🤖 AI Summary
Existing spoiler detection methods for online movie review platforms suffer from three key limitations: (1) reliance on unimodal text modeling, (2) neglect of heterogeneous user–movie relational structures, and (3) strong dependence on specific spoiler linguistic patterns, leading to poor cross-genre generalization. To address these issues, we propose a trimodal spoiler detection framework that jointly integrates user–movie graph structure, review text, and metadata, augmented with a domain-aware Mixture-of-Experts (MoE) mechanism. Our approach employs Graph Neural Networks (GNNs) to encode structural relations, BERT for textual representation, and learned embeddings for metadata; it further introduces multimodal expert routing and a dynamic fusion layer to enable fine-grained domain adaptation. Evaluated on two benchmark datasets, our method achieves new state-of-the-art performance—improving accuracy by 2.56% and F1-score by 8.41%—while demonstrating significantly enhanced robustness and generalization across diverse movie genres.
📝 Abstract
Online movie review websites are valuable for information and discussion about movies. However, the massive spoiler reviews detract from the movie-watching experience, making spoiler detection an important task. Previous methods simply focus on reviews' text content, ignoring the heterogeneity of information in the platform. For instance, the metadata and the corresponding user's information of a review could be helpful. Besides, the spoiler language of movie reviews tends to be genre-specific, thus posing a domain generalization challenge for existing methods. To this end, we propose MMoE, a multi-modal network that utilizes information from multiple modalities to facilitate robust spoiler detection and adopts Mixture-of-Experts to enhance domain generalization.
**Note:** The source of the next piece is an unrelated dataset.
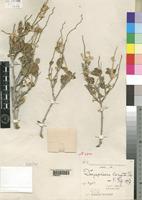 Holotype of Dasysphaera robecchii Lopr. [family AMARANTHACEAE]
MMoE first extracts graph, text, and meta feature from the user-movie network, the review's textual content, and the review's metadata respectively. To handle genre-specific spoilers, we then adopt Mixture-of-Experts architecture to process information in three modalities to promote robustness. Finally, we use an expert fusion layer to integrate the features from different perspectives and make predictions based on the fused embedding. Experiments demonstrate that MMoE achieves state-of-the-art performance on two widely-used spoiler detection datasets, surpassing previous SOTA methods by 2.56% and 8.41% in terms of accuracy and F1-score. Further experiments also demonstrate MMoE's superiority in robustness and generalization.